In preperation for possible quarantine, the DHCP and RA options defined in [RFC7710] and referenced by [I-D.ietf-capport-architecture] (section 2.2.1) SHOULD be recorded if present for later use.

An additional captive portal API key "quarantine", if having the true value indicates that the device is not connected to the Internet for security reasons. The existing key "captive" ([I-D.ietf-capport-api] section 4.2) SHOULD also be checked, as the device MAY be subject to a captive portal.

Based upon policy, it is appropriate for a MUD controller to put a new device into a captive portal state until such time as inclusion into the operational part of the network has been approved by a human operator. The state should be "captive", but not "quarantined".

2.3. Suspicious

The device and/or the Internet has attempted a connection which is forbidden by the MUD file. This activity is notable, but particularly in the case where a MUD file was generated by a third party (such as by a period of observation), it may signal that the MUD file is inaccurate rather than that the device is compromised.

In the case of connections that originate from the Internet to the device which are forbidden, this may indicate that device is being scanned for, but that the security features of the router are resisting the attack.

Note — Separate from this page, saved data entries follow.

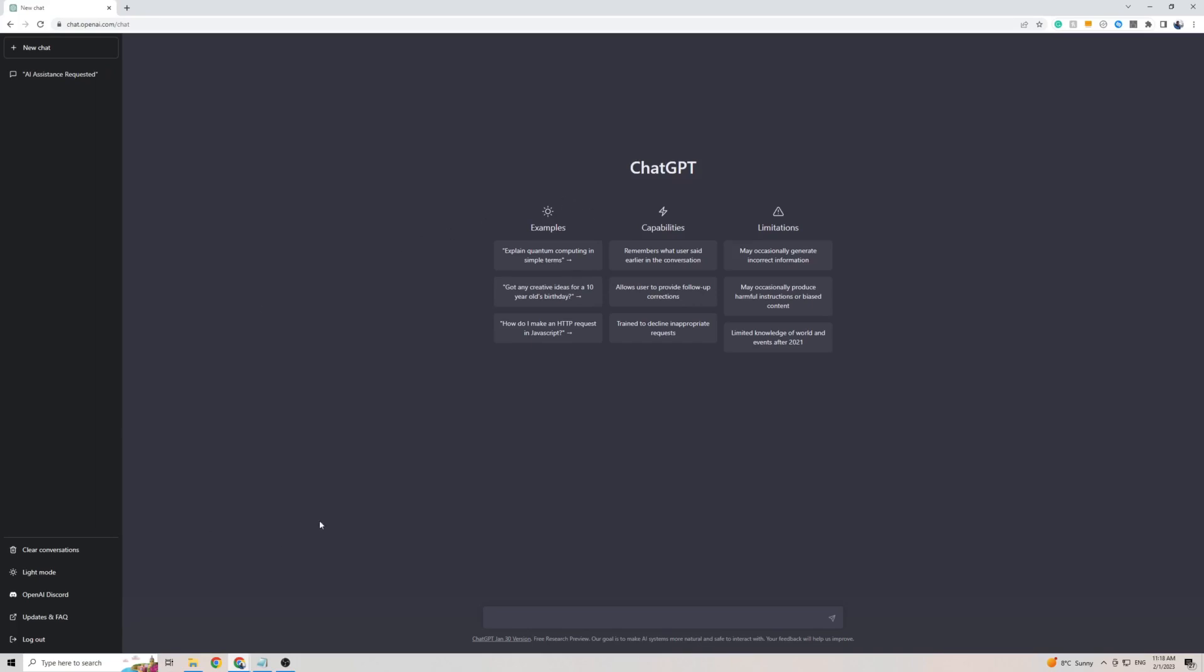As you can see on the left-hand side here, there is no settings button, which actually means that you can't really change the language of ChatGPT as it is currently only available in English. However, I did find a way around that.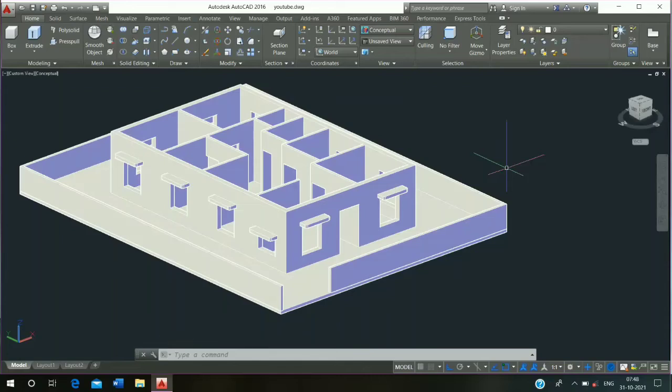Hello friend, welcome to basic CB knowledge. Today we will learn how to make a 3D door in AutoCAD.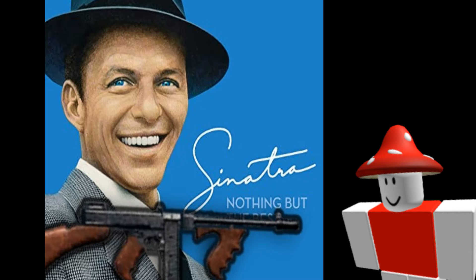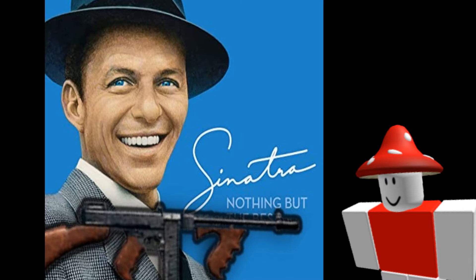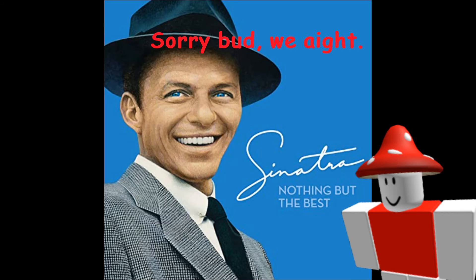You might have thought the Italian Mafia decided that I couldn't keep quiet like I said they would, and just decided to off me in the back of my house. But no, I am alive and well. The Italian Mafia still thinks it's a good idea for me to be alive.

It is unclear how a device is returned from suspicious state to nominal. A reasonable process might be that after a period of time in which no new unwanted activity occurs it is returned. A clear indication that it should return to nomimal is if a new MUD file is applied to the device.

2.4. Suspect

The device is repeatedly attempting to connect to core infrastructure which it has reasonably no reason to connect to. Examples of this would include connecting to many IP addresses in a sequential or high-frequency rate, connecting to well-known ports not intended to for end devices (for instance TCP port 22, 23, 25). There might still be a reasonable explanation for this behaviour, including that the "inside" IP address has been reassigned to a different device (such as desktop computer).

[RFC7011] is a candidate protocol for a MUD controller to inform an ISP about the traffic patterns of the device.

[RFC7970] is a candidate protocol by which the ISP or other security service provider might exchange information about the incident. It is unclear if [RFC7970] should be extended to the CPE device or not.

2.5. Device of Interest

A device has become interesting based upon two possible situations: an internal signal that a device has become suspected, and based upon external indications that there are active threats against the device. A device in this state SHOULD go into quarantine upon the next observed attack.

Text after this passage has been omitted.